Among the records below, find the line that has "Hediyelik İsme Özel"; from there, give the lines again exactly, and stop after the line that has "W For Woman".

[[ EXCERPTED RECORDS open ]]

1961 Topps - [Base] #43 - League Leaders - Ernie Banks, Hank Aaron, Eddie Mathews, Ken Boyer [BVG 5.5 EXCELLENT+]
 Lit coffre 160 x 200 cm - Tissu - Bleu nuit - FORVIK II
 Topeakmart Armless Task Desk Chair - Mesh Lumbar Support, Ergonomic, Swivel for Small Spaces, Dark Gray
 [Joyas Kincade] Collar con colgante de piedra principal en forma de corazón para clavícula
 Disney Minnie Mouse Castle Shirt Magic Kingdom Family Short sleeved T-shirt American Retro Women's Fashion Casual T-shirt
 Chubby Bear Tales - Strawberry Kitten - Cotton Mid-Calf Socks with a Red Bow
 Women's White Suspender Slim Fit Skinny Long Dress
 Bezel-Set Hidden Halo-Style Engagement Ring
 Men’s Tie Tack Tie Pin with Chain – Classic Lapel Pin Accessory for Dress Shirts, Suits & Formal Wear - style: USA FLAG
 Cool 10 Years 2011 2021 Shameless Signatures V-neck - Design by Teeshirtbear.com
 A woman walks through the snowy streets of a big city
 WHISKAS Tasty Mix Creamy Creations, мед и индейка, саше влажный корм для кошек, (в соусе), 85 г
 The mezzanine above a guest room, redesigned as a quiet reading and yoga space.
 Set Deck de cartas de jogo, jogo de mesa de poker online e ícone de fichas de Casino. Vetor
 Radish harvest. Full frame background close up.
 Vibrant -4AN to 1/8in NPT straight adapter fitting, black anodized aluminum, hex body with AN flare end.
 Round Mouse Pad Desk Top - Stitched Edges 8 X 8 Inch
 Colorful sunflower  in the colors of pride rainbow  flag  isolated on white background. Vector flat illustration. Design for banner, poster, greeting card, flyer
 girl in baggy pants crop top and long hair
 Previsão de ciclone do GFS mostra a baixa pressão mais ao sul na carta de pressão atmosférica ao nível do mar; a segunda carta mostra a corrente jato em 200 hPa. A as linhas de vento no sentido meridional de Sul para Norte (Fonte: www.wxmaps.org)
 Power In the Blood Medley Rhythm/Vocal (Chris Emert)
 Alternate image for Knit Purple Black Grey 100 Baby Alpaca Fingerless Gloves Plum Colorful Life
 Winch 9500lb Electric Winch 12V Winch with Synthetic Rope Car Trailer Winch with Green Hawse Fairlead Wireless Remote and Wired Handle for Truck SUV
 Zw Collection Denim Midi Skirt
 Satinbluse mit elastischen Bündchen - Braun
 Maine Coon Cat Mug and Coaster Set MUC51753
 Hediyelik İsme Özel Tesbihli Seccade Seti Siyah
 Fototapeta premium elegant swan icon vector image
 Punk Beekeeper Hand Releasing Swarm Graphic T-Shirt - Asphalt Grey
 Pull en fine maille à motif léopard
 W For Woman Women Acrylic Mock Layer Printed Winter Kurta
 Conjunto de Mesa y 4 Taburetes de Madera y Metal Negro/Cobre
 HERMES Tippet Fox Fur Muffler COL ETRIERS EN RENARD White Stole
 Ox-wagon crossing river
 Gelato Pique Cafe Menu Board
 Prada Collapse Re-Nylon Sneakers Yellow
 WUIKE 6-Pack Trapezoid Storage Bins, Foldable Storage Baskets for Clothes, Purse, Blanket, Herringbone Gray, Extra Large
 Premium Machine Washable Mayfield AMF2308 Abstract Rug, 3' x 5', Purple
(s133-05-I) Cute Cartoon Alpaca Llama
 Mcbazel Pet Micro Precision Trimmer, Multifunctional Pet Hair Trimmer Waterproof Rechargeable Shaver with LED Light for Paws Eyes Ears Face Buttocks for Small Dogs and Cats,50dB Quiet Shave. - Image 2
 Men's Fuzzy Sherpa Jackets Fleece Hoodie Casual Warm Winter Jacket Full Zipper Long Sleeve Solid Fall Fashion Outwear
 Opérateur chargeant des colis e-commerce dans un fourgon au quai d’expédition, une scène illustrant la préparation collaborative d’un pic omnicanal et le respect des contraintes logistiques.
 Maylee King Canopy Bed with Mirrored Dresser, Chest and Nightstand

[[ EXCERPTED RECORDS closed ]]

**PROBLEM SOLUTION:**
 Hediyelik İsme Özel Tesbihli Seccade Seti Siyah
 Fototapeta premium elegant swan icon vector image
 Punk Beekeeper Hand Releasing Swarm Graphic T-Shirt - Asphalt Grey
 Pull en fine maille à motif léopard
 W For Woman Women Acrylic Mock Layer Printed Winter Kurta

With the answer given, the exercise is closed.